Frode Hegland & I learned last week that our project, “The Future of Text in XR,” was funded by the Alfred P. Sloan Foundation. Here is the link to the Future of Text website with detailed information about our work, including videos and prototypes.
Abstract
We believe a fundamental change will occur when working in XR becomes the norm because when we see different, and we can interact differently, we become different. Our concern is that the paradigms of working in XR will be owned solely by commercial entities that have their own priorities. Therefore, our goal is to inspire and enable powerfully useful XR workspaces & workflows. We aim to inspire through building experiences that are truly useful, not just demos, and we aim to enable others through community dialog & support for open infrastructures. To fully augment knowledge work in XR, dialog is crucial but it also becomes necessary to build systems that are better than ‘what ships with the headset’. We have chosen to focus on augmenting academic reading and authorship first, with open systems that anyone can take advantage of to build ‘power tools’ for the mind for other user groups as well.
Advisory Board
- Vint Cerf, co-inventor of the Internet
- Ismail Serageldin, founder of the modern Library of Alexandria
- David De Roure, Academic Director, Digital Scholarship, University of Oxford
- Barbara Tversky, author of ‘Mind in Motion’
- Bob Stein, co-founder of The Voyager Company, Future of the Book
- Bruce Horn, programmer of the original Finder in the Macintosh, currently at Apple working on Siri
- Howard Rheingold, author of ‘Tools for Thought’, educator
- J Yellowlees Douglas, pioneer author & scholar of hypertext fiction
- Livia Polanyi, theoretical linguist & consulting Professor of Linguistics, Stanford University
- Ted Nelson, pioneer and coiner of the term ‘Hypertext’

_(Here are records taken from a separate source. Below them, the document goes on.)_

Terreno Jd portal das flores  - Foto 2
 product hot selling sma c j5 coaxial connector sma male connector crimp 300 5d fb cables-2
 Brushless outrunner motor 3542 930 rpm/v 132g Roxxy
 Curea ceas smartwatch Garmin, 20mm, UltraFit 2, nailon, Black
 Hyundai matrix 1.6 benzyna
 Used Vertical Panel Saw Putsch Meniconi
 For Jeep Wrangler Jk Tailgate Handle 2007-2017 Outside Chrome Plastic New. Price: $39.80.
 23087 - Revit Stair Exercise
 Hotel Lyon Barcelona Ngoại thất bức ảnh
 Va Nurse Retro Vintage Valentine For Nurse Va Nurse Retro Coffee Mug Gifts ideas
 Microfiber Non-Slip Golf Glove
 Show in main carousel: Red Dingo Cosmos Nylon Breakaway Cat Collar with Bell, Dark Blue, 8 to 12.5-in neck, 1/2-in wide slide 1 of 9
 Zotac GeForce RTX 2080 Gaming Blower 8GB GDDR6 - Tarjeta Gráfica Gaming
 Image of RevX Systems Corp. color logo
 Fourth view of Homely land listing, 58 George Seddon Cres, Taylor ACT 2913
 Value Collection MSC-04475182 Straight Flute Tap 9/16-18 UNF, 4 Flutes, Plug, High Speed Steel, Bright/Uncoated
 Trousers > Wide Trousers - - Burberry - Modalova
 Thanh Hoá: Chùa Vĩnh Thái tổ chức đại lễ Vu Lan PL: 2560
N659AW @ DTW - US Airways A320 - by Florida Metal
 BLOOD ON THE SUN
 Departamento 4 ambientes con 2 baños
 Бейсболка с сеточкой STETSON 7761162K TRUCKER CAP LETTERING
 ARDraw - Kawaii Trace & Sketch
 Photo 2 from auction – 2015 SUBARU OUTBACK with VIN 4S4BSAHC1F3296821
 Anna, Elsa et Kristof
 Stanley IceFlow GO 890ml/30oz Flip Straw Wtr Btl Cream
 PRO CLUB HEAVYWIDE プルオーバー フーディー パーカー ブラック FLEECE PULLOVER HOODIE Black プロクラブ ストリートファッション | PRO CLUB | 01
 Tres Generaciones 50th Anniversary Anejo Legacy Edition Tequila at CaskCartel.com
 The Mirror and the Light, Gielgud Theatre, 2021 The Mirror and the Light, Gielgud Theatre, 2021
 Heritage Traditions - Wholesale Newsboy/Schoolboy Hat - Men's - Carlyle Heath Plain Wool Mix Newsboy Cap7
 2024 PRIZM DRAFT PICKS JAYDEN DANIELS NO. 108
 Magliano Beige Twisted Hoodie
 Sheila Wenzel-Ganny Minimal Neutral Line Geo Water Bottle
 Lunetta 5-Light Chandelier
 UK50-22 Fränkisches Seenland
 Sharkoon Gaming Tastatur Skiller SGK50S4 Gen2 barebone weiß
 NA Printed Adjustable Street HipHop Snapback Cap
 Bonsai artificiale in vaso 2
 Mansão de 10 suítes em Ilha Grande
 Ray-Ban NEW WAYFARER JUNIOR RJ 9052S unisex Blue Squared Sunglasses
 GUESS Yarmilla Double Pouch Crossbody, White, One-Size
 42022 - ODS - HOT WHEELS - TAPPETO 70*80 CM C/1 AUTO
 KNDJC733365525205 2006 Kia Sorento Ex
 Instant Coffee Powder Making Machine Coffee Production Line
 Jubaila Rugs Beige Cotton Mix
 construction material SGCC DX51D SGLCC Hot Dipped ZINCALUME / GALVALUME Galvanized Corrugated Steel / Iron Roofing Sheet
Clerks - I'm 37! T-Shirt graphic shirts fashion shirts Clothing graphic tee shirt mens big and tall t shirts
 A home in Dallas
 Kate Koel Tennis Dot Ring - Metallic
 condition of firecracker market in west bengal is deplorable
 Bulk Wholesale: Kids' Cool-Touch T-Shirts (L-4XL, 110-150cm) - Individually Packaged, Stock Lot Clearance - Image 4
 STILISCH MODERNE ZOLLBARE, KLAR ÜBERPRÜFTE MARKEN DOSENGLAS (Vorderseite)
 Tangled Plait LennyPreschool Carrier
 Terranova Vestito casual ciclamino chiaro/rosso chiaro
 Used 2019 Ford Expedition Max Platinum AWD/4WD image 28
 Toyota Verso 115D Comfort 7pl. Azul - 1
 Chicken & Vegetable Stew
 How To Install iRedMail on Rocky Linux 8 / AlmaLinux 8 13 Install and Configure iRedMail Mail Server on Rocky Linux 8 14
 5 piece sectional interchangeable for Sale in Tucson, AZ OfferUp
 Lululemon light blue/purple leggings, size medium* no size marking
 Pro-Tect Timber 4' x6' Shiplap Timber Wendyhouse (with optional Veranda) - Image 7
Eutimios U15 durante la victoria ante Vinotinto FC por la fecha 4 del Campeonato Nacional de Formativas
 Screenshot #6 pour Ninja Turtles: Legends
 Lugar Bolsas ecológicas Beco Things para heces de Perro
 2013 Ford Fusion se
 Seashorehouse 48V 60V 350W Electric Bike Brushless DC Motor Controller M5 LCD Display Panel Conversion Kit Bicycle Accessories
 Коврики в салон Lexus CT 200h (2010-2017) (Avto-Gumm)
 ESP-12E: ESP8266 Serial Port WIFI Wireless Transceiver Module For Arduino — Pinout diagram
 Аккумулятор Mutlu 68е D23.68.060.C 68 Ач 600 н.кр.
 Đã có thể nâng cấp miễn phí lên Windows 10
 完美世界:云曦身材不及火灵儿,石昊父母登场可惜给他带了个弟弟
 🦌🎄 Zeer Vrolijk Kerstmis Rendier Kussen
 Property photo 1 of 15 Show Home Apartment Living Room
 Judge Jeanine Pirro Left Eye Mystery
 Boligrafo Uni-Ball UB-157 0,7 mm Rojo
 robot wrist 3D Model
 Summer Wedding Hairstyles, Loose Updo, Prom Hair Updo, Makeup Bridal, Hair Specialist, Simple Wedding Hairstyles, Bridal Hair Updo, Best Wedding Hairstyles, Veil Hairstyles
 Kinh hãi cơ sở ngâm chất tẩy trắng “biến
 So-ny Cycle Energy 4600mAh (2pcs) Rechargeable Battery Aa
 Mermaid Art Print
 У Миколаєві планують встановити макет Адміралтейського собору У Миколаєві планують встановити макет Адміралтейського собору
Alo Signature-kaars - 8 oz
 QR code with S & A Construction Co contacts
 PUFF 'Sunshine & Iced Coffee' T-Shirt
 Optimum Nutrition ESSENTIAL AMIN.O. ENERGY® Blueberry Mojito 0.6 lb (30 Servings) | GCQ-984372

Future of Text Lab Members
- Alan Laidlaw, an independent researcher working on pixel-free interactions and peripheral interfaces. He looks at information technology the way a geomorphologist looks at civil engineering
- Andreea Ion Cojocaru, licensed architect and a software developer
- Fabien Benetou. Prototyping at the European Parliament Innovation lab
- Peter J. Wasilko, Esq. Attorney, Programmer, and Independent Scholar residing in Ossining, New York
- Brandel Zachernuk, working on open Web standards for XR at Apple
- Mark Anderson, independent researcher in Hypertext and Knowledge systems. Associated with the Web & Internet Science (WAIS) Lab at the University of Southampton
- Leon van Kammen. Creative Technologist & Researcher
- Rob Swigart, author of games, interactive media, and novels
Objectives
Our objectives are to 1) support dialog for how to work with text in XR, 2) build XR software and, 3) develop metadata infrastructures to support software interaction that integrates with real-world workflows.
Proposed Activities
1) Community building and support for dialog, including weekly lab meetings, annual Symposium, student competition, and continued publication of volumes of The Future of Text, with a focus on text in XR
2) Software development for WebXR with a focus on reading for the first year and authorship the second year
3) Visual-Meta Infrastructure support for more robust & open metadata, at very low cost to users & publishers.
Expected Outcomes
The potential of XR is too important to leave only to commercial developers. Keeping in mind the expression, “first we shape our tools, then our tools shape us,” the paradigms we develop for work in XR now will influence the imagination for generations to come. This project will result in better understanding of how powerful working in XR can be, far beyond the vision of any one software development company. We are the last generation not to be working in XR, at least during part of our workday. Let’s make sure we think this through, together.
Final Thoughts
The Electronic Literature Lab is excited about other possible outcomes of this project. First, it provides us the ability to experiment with a new kind of metadata that this project is specifically developing for XR environments––namely Visual-Meta. Second, it may open up new ways of expressing born-digital literature, art, and games where words and other forms of text can be experienced in a more immediate and visceral way in XR. Third, it will help us dig deep into practices of preserving and conserving XR-oriented works.